Steve Chung and Doug Bannard (Photos courtesy of Fox)

But what about video? These are television stations, after all. About a week in, the Bay Area’s KTVU began producing a two-hour morning block for the new service, but Fox soon realized that a simpler solution was hiding in plain sight — the up-and-running News Now channel out of Phoenix. So Fox Stations COO Sharri Berg called Doug Bannard and told him what he’d won: a key role in what she called a “pop-up news channel.”

So now, when Mike Pache and his colleagues Pilar Arias and Kristi Larson sit at their Tricasters in the KSAZ newsroom all day and into the evening, they’re churning out a mix of pandemic-related briefings and a steady supply of tape segments from the Fox stations, many produced specifically for the new channel. “It’s been an embarrassment of riches when it comes to content,” says Bannard — not just an abundance of live events, but long-form interviews from anchors stuck at home with time on their hands and a new national platform for their work. “I feel like it makes everything just open up as far as transparency,” says Pache. “We’re not just showing you just one soundbite or two soundbites. I feel like the viewers are seeing the whole story right in front of them.”

Watch a segment on from Fox’s Detroit station WJBK

The DJ’s post shorter clips from the day’s coverage on YouTube to generate some additional revenue, but Steve Chung says CoronavirusNow was created as a public service, not a commercial opportunity — “I know that may sound [like a] cliché to the casual observer, but that’s fact.” That said, I pressed him for some lessons that may serve the Fox stations well down the road. Here are three that struck me:

●Fast innovation

Like a lot of station executives nowadays, Chung was amazed at how quickly disparate but determined teams can build something new. “This one was supercharged, from content to technology to legal to marketing. It was magical to see this orchestra come to life in a matter of days.”

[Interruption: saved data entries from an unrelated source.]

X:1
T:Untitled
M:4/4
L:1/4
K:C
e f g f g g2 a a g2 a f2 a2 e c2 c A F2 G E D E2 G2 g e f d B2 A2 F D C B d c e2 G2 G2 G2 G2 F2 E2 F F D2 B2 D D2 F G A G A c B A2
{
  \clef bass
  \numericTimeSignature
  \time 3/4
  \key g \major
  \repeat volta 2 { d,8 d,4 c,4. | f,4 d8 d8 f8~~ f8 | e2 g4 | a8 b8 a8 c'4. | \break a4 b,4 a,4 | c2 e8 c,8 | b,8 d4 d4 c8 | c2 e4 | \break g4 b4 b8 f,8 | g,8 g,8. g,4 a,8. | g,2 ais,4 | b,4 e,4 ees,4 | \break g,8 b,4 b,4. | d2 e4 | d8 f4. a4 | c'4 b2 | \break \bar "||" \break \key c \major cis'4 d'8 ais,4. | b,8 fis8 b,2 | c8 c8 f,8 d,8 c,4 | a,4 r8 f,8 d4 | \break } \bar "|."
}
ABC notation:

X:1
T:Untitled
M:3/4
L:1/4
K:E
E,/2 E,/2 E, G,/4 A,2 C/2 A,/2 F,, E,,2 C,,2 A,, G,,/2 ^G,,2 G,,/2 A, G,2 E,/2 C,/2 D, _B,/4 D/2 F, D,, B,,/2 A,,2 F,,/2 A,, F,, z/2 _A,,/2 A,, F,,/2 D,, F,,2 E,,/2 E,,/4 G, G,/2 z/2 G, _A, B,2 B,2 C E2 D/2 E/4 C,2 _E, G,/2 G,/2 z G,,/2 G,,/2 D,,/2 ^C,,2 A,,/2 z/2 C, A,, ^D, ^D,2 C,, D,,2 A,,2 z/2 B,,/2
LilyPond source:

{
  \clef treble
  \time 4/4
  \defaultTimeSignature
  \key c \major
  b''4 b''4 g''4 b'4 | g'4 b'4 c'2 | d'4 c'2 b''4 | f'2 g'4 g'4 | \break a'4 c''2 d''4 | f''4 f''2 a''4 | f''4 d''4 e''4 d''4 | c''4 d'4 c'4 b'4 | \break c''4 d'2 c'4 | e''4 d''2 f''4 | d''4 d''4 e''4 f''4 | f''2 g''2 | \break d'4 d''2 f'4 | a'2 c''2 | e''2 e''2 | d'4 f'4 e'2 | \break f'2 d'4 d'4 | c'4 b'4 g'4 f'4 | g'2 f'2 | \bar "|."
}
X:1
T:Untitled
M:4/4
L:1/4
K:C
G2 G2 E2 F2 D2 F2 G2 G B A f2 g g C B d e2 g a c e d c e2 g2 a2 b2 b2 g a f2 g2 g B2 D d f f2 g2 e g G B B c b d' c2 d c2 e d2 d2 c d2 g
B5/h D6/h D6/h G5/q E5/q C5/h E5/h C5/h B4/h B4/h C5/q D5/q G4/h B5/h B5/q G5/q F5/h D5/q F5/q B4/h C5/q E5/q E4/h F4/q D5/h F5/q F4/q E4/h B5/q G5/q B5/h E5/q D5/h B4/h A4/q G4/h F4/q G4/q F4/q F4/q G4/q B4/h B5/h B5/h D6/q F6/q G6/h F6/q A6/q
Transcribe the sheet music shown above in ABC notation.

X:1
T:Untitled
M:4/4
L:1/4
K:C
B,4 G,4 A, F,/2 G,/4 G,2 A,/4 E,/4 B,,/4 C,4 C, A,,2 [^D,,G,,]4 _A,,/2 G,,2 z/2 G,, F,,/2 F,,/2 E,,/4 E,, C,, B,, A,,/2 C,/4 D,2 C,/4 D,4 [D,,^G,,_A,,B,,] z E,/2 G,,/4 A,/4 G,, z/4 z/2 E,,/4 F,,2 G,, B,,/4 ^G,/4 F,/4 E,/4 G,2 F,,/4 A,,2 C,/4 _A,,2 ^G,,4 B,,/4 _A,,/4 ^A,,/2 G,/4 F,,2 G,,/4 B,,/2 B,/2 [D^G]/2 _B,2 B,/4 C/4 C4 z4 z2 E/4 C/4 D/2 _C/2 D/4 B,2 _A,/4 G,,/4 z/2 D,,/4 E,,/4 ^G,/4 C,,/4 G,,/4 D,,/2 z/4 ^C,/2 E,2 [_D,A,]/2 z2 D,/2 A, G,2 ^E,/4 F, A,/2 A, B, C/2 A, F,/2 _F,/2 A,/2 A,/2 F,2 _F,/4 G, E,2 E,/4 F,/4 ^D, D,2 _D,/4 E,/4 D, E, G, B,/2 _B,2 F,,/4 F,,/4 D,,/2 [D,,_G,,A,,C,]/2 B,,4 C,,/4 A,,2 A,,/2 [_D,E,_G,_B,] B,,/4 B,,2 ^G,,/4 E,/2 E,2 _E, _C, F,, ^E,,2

●Improvisation and adaptability

The venture kept evolving even after launch — the pivot in video partners is just one example — and Chung has no intention to stop adapting as circumstances change. “You can see the evolution: we didn’t sit there with a McKinsey consulting deck and say this is the master plan of what the CoronavirusNow effort is going to look like. Because the world was very uncertain, and it’s still uncertain what the future may hold.”

●Local/national collaboration

CoronavirusNow, like other station group initiatives pegged to the pandemic that we’ve written about from Gray, Hearst, Scripps, ABC and Telemundo, illustrates the “unique power of a local station group being local, but having a national asset base,” says Chung. “We’ve learned [that] when our local station group converges to put a national product together, the content is extremely compelling.”

Watch a clip uploaded to from Fox’s Bay Area station KTVU

CoronavirusNow is also available on the Fox Now network app as well as Samsung TV Plus, a streaming service bundled with the company’s smart sets. Coincidentally, Chung and his fellow executives were already discussing how to take the Phoenix-based live stream and turn it into “a more full-fledged OTT experience” when the pandemic struck. “All of these lessons are going to feed into our broader OTT strategy,” Chung says. “And we’ve learned a ton from this experience, so the book is still being written as we speak.”

But meanwhile, back in the KSAZ newsroom, “this is a time of remarkable public service,” says Doug Bannard, “and whatever we can do to reach people on any platform we should do: it’s a win. I think we would all agree that if you want to be relevant, now’s the time to be relevant.”